- AIM OF THE EXERCISE: Comb the records below for the string "with" and copy each line where it turns up.

**** SUPPLIED ENTRIES

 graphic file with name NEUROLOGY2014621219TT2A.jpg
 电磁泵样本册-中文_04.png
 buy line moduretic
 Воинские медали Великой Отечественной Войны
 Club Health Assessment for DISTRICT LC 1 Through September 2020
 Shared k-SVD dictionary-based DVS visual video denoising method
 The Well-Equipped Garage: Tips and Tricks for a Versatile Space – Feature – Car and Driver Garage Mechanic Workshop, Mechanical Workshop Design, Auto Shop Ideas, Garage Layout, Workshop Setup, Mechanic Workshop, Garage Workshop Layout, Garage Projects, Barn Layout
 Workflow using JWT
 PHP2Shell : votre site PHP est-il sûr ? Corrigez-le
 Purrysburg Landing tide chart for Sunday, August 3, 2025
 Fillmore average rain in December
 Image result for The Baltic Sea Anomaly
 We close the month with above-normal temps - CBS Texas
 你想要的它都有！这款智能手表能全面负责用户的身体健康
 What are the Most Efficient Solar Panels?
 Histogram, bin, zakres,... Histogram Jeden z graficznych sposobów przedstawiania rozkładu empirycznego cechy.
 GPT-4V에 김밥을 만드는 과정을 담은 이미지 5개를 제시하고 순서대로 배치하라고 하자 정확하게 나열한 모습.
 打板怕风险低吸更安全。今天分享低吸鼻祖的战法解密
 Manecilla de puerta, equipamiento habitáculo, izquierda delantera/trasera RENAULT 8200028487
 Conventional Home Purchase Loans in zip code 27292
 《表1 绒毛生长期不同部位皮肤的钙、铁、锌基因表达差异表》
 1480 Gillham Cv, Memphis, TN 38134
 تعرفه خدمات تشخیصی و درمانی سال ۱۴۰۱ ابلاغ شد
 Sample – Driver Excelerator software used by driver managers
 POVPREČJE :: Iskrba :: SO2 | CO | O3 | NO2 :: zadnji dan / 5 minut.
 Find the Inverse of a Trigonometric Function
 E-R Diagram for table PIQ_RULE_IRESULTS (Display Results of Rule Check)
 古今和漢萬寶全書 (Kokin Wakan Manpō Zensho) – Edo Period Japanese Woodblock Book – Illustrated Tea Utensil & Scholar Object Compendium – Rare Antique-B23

********

- EXPECTED ANSWER:
 graphic file with name NEUROLOGY2014621219TT2A.jpg
 We close the month with above-normal temps - CBS Texas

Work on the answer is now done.